Arch user and I don’t own a mug (it was bloat)
“I just get it straight from upstream” (Munches beans to build the coffee internally from source)
As a Ubuntu user, I would never touch a kureig or whatever the hell it is. Those pod things are beyond stupid and you end up needing 2 for a normal sized coffee. Font forget the absurd cost for extra garbage.
Microplastics are my kink…
That’s because a normal cup has around 20g grounds, and a Keurig capsule has 10g. This isn’t a joke. I actually weighed it.
What about the machine that you fill with beans and water and coffee comes out? I have had this thing for 4 years now?
Expensive just for something like coffee: Mac
I got it used for 50€ from a lady who had like 7 parrots just roaming around her 1-room apartment.
Oh, that’s just Margot. Don’t mind her.
My last bean to cup machine cost 180€, my new one costs 600€. Most espresso machines cost more than that, some people pay 180€ for just the grinder alone
That’s Ubuntu, no?
Ubuntu Pro?
I’m impressed!
I’m in this picture and I like it!
Gentoo gang represent!
I wonder if NixOS is a vacuum coffee maker for how confusing nix looks when you see it for the first time or instant coffee for how reproducible it is…
Welp!
No Linux for me I guess.Didn’t miss.
Help me choose a distro!
My coffee preparation method is:
I drink this one kind of instant coffee that does not even need me to heat the water, I can just mix it in cold water and be good with it. It’s still coffee and I don’t have to make the slightest effort.
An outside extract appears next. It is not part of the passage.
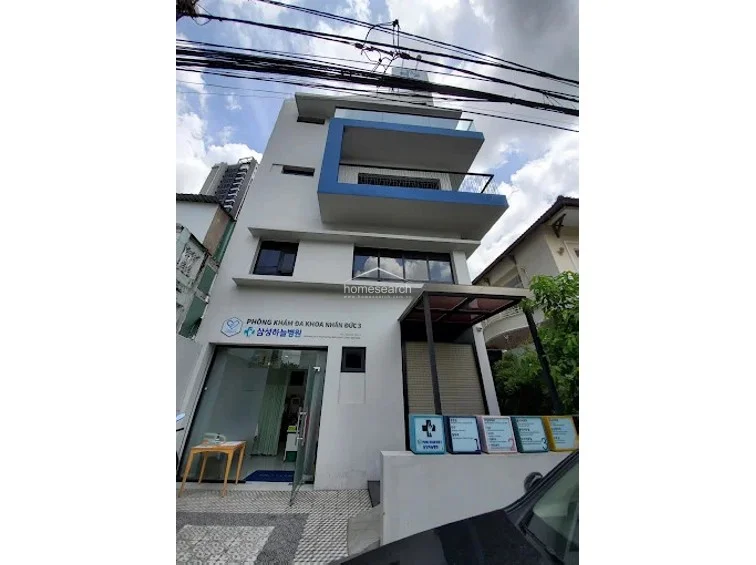 This wider angle captures the full vertical profile of the building, highlighting its three-story layout and the prominent signage for "Phòng Khám Đa Khoa Nhân Đức 3." The property includes a small, gated outdoor area with a series of informational placards and a covered entryway, suggesting a functional layout designed for patient access. The building appears to be in good condition, featuring contemporary architectural elements like the cantilevered balcony and large, dark-tinted windows that provide a professional aesthetic.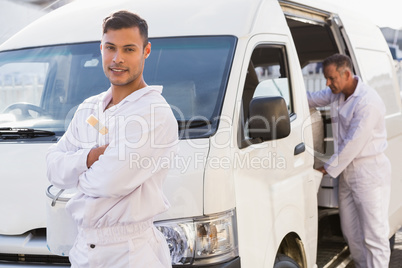 Painter smiling leaning against his van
In this case the distro doesn’t matter. Just have someone else install and maintain it for you.
That is I guess Windows:
- Installed by the manufacturer
- “Maintained” by M$
Just joking tho, I run Fedora, even lazy people have standards.
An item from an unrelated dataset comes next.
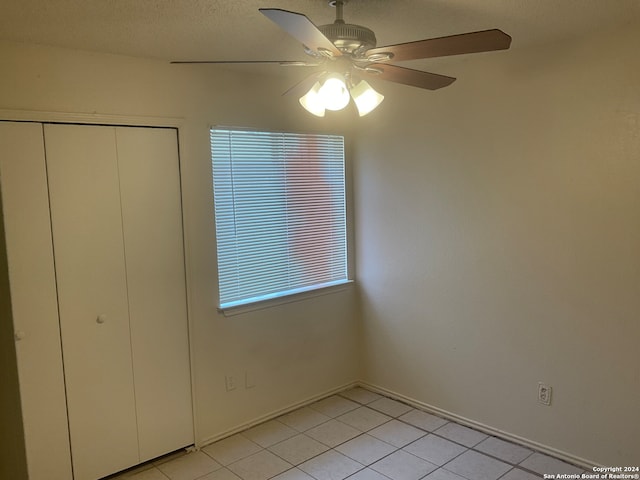 unfurnished bedroom with a closet, a textured ceiling, light tile patterned floors, and ceiling fan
I enjoy the memes, but I’m embarrassed to admit I actually don’t know what the difference between linux distros are.
but I’m embarrassed to admit I actually don’t know what the difference between linux distros are.
I think you’re courageous to admit it in spite of feeling embarrassed, and I admire that.
If we all ask and share without ego, the world gets just a little bit better. :)
The software philosophy of the maintainers and their choice of packages and design.
A simple but important difference: the package-manager: apt, dnf or pacman (there is more but let’s bring it down to these three).
Another one is security: apparmor or selinux
The last one are preferred and preinstalled Desktop-Environments.
And if you want to keep it simple, just be based on another distro and let them do the hard work.
Everyone can start their own distro. Manage some packages together, choose for example: Based on Arch, pacman, selinux and hyprland-wm and name it hypearch. Et voila!